Of all the entries below, retype only the lines from the one with "Accessory left horizontal" through the one with "-大麦微针植发全国连锁", exactly as they appear.
RECORDS SHOWN START
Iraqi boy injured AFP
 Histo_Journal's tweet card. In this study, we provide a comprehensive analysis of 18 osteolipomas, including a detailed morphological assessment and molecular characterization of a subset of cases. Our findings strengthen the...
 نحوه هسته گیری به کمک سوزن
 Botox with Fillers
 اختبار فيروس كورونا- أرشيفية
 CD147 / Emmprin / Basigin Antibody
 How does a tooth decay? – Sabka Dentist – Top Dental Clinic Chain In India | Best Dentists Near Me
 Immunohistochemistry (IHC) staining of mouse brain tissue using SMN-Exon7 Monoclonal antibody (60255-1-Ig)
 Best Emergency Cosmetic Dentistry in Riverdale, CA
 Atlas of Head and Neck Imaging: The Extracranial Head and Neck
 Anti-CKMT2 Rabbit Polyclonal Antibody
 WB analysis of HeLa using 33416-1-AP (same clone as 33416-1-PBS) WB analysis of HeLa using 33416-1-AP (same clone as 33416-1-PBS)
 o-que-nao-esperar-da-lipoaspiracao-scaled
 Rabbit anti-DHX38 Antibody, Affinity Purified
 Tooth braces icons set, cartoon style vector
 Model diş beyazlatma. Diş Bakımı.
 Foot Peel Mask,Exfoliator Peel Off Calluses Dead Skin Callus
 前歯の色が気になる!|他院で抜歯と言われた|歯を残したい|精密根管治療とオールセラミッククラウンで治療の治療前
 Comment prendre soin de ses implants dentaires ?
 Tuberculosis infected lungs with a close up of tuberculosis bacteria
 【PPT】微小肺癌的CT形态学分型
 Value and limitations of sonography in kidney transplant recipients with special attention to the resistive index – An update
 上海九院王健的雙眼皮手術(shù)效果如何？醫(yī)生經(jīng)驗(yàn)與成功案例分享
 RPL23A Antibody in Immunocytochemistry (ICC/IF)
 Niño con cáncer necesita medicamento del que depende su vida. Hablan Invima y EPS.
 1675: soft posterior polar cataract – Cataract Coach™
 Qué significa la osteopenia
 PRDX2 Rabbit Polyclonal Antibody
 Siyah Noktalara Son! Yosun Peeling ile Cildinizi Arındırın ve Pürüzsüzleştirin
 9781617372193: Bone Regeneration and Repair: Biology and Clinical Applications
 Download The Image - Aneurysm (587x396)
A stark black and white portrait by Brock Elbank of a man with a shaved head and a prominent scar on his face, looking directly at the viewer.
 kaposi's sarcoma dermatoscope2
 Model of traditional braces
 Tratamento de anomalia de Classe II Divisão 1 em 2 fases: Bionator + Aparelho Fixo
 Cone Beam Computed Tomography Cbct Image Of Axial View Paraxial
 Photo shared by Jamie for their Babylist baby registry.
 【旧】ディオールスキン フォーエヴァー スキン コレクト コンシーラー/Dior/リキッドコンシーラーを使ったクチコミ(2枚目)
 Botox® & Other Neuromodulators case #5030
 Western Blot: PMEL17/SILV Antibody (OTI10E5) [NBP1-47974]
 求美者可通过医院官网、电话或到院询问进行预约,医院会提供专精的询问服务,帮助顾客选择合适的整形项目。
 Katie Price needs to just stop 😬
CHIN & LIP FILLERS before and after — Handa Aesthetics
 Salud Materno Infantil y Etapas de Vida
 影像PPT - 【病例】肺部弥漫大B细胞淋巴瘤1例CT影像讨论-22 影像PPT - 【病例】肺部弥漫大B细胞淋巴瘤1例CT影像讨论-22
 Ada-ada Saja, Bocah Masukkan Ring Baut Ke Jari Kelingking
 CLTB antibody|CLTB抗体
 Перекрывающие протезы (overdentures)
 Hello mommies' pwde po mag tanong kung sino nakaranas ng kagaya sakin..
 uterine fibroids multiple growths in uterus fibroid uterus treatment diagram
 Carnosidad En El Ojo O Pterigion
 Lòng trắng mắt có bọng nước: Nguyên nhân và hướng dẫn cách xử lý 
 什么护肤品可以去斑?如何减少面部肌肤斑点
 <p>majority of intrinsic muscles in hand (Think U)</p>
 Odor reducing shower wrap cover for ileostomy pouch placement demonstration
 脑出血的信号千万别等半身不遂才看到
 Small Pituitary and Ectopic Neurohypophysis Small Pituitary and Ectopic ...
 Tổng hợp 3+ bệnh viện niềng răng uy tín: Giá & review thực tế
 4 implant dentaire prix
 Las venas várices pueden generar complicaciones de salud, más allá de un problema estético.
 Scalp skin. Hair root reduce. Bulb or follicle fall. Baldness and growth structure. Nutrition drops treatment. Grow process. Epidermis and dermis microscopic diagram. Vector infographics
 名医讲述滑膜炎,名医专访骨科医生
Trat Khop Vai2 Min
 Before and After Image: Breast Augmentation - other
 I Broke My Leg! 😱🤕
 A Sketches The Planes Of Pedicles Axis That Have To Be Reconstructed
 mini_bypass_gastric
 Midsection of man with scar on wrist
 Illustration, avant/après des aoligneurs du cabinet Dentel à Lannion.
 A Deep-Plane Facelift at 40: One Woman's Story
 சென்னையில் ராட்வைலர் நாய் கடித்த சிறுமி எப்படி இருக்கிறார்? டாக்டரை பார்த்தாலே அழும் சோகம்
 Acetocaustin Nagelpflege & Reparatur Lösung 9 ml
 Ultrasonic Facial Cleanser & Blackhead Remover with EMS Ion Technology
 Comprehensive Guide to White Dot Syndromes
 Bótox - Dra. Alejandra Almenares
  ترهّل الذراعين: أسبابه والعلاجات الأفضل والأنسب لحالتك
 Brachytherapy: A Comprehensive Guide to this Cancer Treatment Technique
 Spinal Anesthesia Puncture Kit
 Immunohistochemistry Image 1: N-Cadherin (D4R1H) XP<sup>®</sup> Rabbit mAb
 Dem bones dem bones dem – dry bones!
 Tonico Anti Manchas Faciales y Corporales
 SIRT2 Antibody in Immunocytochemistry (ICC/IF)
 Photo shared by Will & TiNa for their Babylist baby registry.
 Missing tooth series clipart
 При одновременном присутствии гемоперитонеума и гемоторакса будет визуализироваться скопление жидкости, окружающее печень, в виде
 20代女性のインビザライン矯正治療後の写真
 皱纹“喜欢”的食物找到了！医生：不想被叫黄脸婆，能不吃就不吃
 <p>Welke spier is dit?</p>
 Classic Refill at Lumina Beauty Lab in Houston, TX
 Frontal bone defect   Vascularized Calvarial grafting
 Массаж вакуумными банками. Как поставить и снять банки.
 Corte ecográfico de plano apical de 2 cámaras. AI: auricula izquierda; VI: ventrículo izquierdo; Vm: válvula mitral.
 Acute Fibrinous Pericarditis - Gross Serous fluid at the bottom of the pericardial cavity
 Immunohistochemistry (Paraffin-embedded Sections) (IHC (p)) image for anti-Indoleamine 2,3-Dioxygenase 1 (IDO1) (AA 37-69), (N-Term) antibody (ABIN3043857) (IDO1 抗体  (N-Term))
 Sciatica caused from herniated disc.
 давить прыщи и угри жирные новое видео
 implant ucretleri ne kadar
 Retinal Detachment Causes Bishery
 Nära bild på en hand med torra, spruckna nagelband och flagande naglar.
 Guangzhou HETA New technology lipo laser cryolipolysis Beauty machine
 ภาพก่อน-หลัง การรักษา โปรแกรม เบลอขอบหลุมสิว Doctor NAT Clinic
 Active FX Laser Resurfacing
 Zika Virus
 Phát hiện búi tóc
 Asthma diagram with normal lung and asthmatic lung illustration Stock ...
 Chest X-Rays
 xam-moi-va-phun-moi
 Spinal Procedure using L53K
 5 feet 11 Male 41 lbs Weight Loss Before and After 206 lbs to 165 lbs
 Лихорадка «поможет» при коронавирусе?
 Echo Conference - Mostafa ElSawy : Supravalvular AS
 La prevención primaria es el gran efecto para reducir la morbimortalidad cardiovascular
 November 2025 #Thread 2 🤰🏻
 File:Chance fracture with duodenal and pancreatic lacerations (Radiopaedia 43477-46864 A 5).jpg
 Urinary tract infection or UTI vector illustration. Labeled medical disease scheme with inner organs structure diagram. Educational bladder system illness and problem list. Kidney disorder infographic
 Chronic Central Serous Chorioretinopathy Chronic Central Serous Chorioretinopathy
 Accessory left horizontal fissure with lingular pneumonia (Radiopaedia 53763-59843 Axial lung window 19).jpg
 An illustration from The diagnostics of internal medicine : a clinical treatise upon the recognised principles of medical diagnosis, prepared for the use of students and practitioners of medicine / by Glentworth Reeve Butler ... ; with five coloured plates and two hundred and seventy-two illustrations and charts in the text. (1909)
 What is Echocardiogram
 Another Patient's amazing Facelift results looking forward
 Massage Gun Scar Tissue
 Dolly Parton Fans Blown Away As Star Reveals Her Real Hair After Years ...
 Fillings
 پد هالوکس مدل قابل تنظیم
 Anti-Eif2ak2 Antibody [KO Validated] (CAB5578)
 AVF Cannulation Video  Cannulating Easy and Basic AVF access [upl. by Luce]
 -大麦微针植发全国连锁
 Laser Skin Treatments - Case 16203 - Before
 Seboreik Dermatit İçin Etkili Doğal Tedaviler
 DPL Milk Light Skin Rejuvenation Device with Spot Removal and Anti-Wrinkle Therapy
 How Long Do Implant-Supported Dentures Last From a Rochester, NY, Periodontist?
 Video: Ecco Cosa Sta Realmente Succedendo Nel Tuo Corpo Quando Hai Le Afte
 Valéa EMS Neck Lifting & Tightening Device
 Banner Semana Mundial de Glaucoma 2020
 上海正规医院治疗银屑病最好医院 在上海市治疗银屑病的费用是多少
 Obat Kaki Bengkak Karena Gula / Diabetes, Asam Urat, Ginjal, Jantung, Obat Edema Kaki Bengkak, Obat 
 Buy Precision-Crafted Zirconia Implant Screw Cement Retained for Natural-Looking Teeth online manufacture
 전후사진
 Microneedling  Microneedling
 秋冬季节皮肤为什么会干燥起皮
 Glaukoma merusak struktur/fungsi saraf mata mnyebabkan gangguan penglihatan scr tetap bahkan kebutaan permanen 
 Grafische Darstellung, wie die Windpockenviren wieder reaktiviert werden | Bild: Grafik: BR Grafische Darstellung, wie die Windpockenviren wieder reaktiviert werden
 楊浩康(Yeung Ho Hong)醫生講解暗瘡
RECORDS SHOWN END
(OUTPUT FOR THIS TASK)
 Accessory left horizontal fissure with lingular pneumonia (Radiopaedia 53763-59843 Axial lung window 19).jpg
 An illustration from The diagnostics of internal medicine : a clinical treatise upon the recognised principles of medical diagnosis, prepared for the use of students and practitioners of medicine / by Glentworth Reeve Butler ... ; with five coloured plates and two hundred and seventy-two illustrations and charts in the text. (1909)
 What is Echocardiogram
 Another Patient's amazing Facelift results looking forward
 Massage Gun Scar Tissue
 Dolly Parton Fans Blown Away As Star Reveals Her Real Hair After Years ...
 Fillings
 پد هالوکس مدل قابل تنظیم
 Anti-Eif2ak2 Antibody [KO Validated] (CAB5578)
 AVF Cannulation Video  Cannulating Easy and Basic AVF access [upl. by Luce]
 -大麦微针植发全国连锁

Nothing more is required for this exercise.